A. Les organismes du secteur bénévole et communautaire et à but non lucratif approuvent le besoin de responsabilisation efficace. Mais ils questionnent l’accent mis actuellement sur la responsabilisation à l’égard des bailleurs de fonds – par le biais de procédures coûteuses de comptes-rendus – aux dépens de la responsabilisation à l’égard de leurs propres bénéficiaires, leurs membres et leur communauté.

Les participants à l’étude laissent entendre que les exigences de contrôle sont devenues une fin en soi, imposant de lourdes demandes qui menacent la viabilité de nombreux organismes, particulièrement les plus petits.

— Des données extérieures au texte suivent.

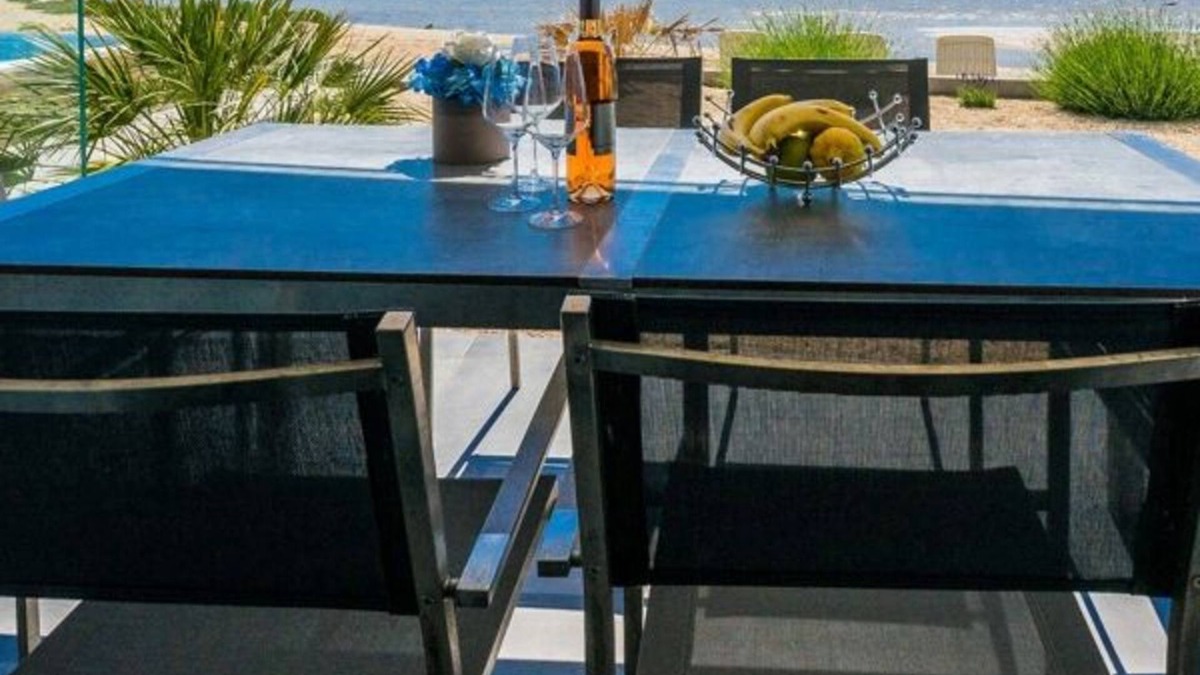 Privlaka Apartment | JamC Dream: Family dream right by the sea with heated pool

Il n’est pas étonnant que l’épuisement des ressources humaines ait été une préoccupation importante. Le nouveau climat de financement a imposé davantage de demandes au personnel et aux bénévoles dans la plupart des organismes, alors qu’ils se démènent pour demeurer fidèles à leur mission. En fait, 57% des organismes de l’étude ont déclaré avoir plus de mal à rester en contact avec leur clientèle. Parmi d’autres tendances inquiétantes, on note que :

  • Les organismes doivent embaucher et licencier du personnel sans arrêt ou bien trouver des fonds pour payer les salaires jusqu’à la prochaine période de financement de projet. L’incertitude du climat de financement limite certainement leur aptitude à planifier d’avance.
  • Sept organismes sur dix participant à l’étude ont dit que les changements de financement avaient affecté leurs bénéficiaires, tandis que 77% ont dit que les nouvelles méthodes de financement avaient restreint leur aptitude à répondre aux besoins communautaires.
  • Alors que les organismes font des pieds et des mains pour se qualifier à un financement de programme étroitement défini, certains d'entre eux se voient écartés de leur mission primaire, ce qui peut éventuellement nuire à leur crédibilité dans la communauté et nuire à la communauté elle-même. Un tiers des organismes participant à l’étude ont dit qu’ils avaient, en fait, vécu «l’éloignement de leur mission».
  • La défense des droits a été historiquement un rôle intégral de plusieurs organismes bénévoles et communautaires et à but non lucratif. Mais certains organismes prennent moins la parole au nom de leur clientèle parce qu’ils craignent que cela pourrait nuire à leurs efforts de concocter des programmes et des partenariats dans ce nouveau climat de financement.
  • Les divisions dans le secteur se sont créées entre les grands organismes et les plus petits groupes qui sont moins bien équipés pour faire la compétition au financement.
  • L’instabilité organisationnelle due à la volatilité du financement rend difficile pour les organismes de bâtir un capital social et d’encourager un civisme actif.